EXERCISE DETAILS ->
Each record that follows is to be transcribed exactly, excluding its images.

[Opening EXERCISE DATA section]

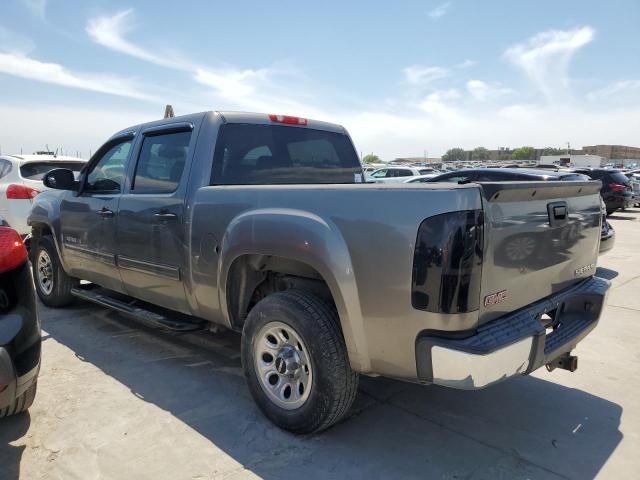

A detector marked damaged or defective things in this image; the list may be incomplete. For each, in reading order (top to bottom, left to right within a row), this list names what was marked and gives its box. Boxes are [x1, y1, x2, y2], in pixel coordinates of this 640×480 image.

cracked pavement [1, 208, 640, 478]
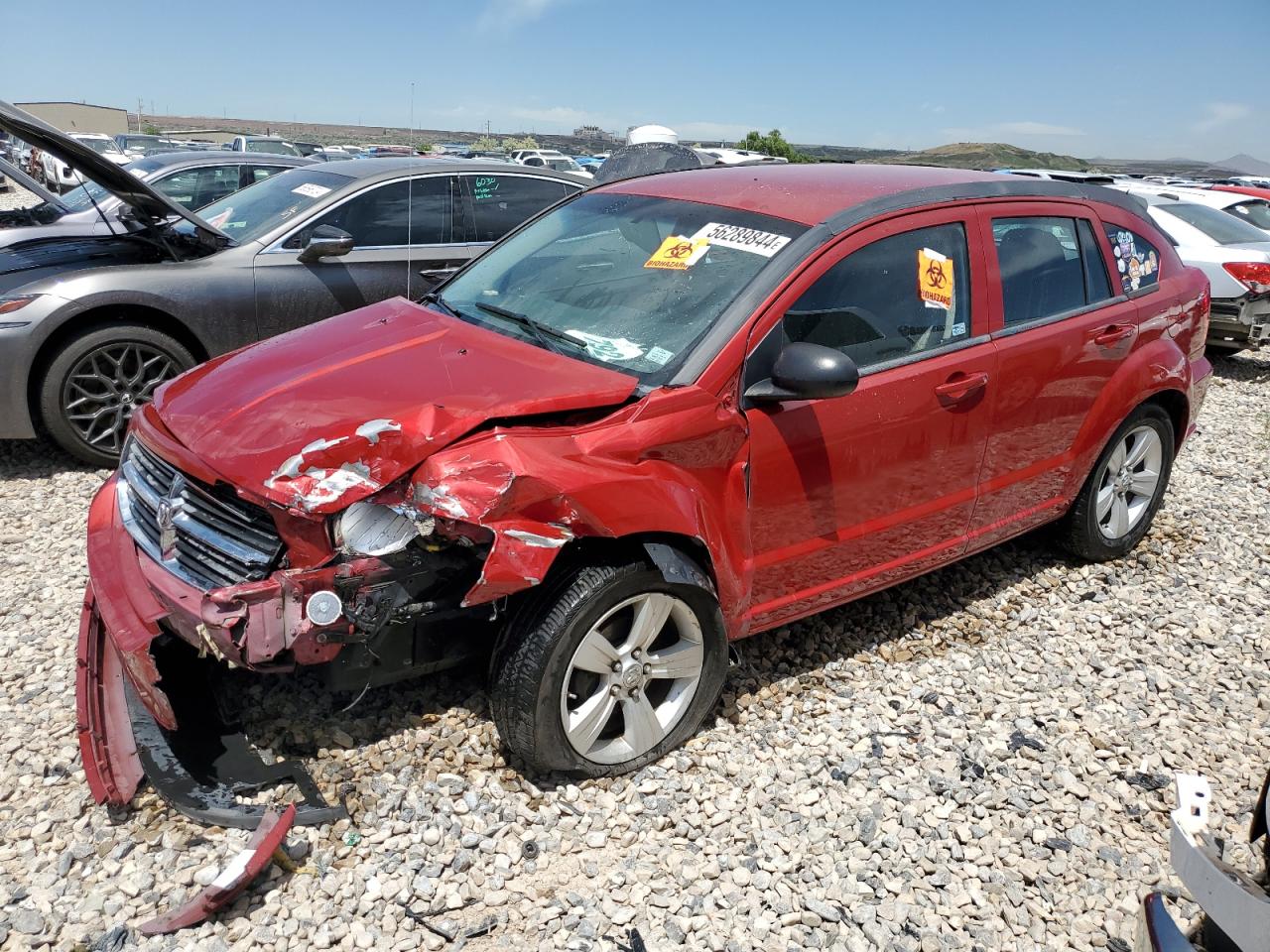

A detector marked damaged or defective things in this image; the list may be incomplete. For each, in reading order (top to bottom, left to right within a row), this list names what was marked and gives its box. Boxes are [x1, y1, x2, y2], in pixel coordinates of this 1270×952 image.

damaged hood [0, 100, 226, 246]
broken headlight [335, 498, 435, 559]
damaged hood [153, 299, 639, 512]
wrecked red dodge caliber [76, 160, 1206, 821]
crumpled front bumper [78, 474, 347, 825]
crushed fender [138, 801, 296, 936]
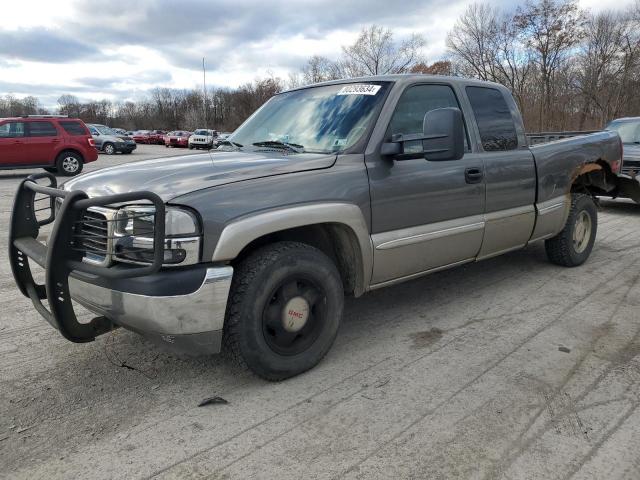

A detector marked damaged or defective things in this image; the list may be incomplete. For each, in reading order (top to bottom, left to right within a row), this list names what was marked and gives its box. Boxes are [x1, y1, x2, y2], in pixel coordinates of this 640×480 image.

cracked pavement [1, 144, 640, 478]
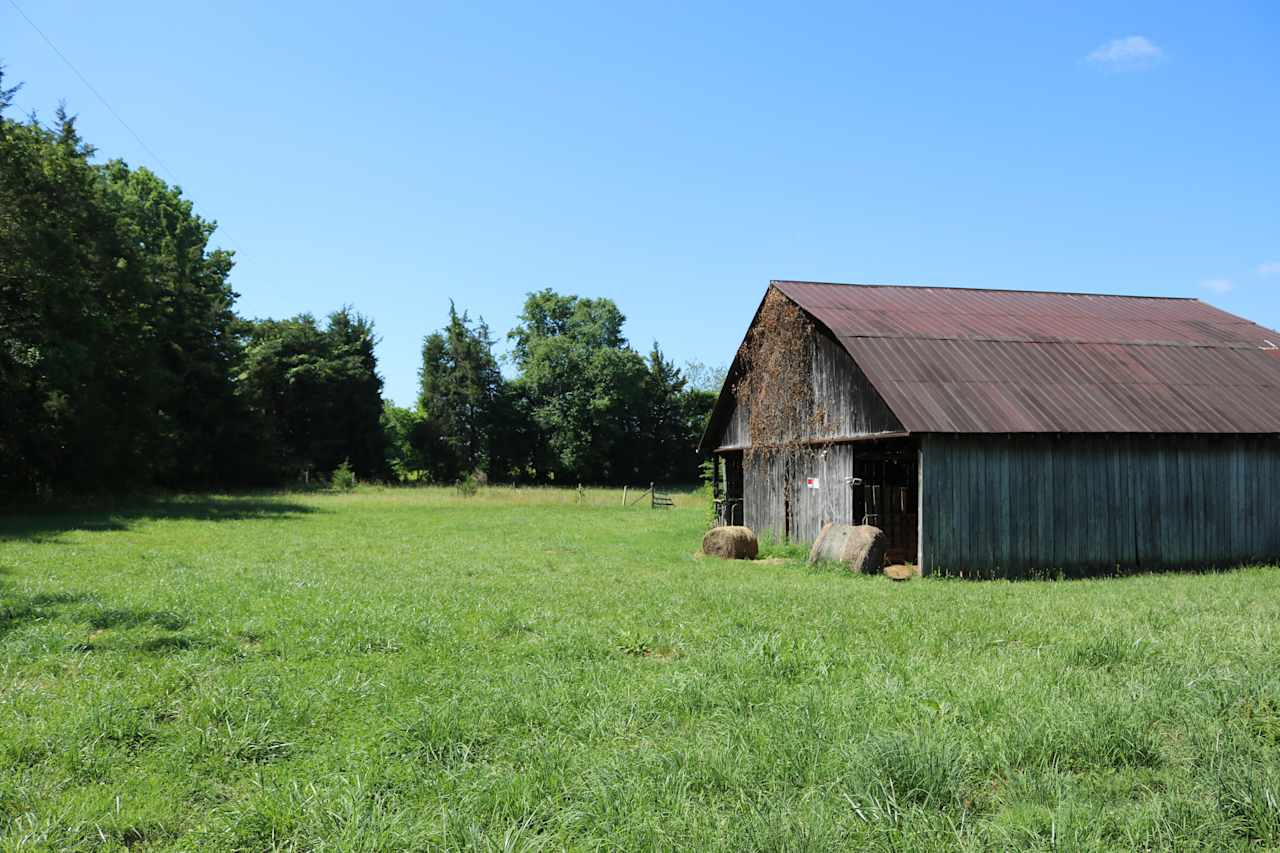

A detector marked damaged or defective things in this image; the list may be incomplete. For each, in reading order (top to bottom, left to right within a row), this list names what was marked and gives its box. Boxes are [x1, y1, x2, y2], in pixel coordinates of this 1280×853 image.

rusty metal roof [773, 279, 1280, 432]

[Closing EXERCISE DATA section]

SOLUTION BELOW ->
A detector marked damaged or defective things in this image; the list may be incomplete. For each, in reading order (top to bottom, left to right within a row), this list names what was marked and gives its box. Boxes are [x1, y1, x2, y2], in pixel coordinates of this 640×480 image.

cracked pavement [1, 208, 640, 478]

A detector marked damaged or defective things in this image; the list may be incomplete. For each, in reading order (top to bottom, left to right within a row), this list names what was marked and gives its box. Boxes are [x1, y1, x2, y2], in pixel coordinates of this 1270×952 image.

damaged hood [0, 100, 226, 246]
broken headlight [335, 498, 435, 559]
damaged hood [153, 299, 639, 512]
wrecked red dodge caliber [76, 160, 1206, 821]
crumpled front bumper [78, 474, 347, 825]
crushed fender [138, 801, 296, 936]

A detector marked damaged or defective things in this image; the list may be incomplete. For each, in reading order (top to bottom, left to right within a row), this list names what was marked and gives its box. Boxes are [x1, y1, x2, y2], in pixel coordinates of this 640×480 image.

cracked pavement [1, 144, 640, 478]

A detector marked damaged or defective things in this image; the list may be incomplete. For each, in reading order (top to bottom, left to right within a row), this list names what was marked and gives its box. Boxes are [x1, y1, x2, y2], in pixel coordinates of this 1280×853 image.

rusty metal roof [773, 279, 1280, 432]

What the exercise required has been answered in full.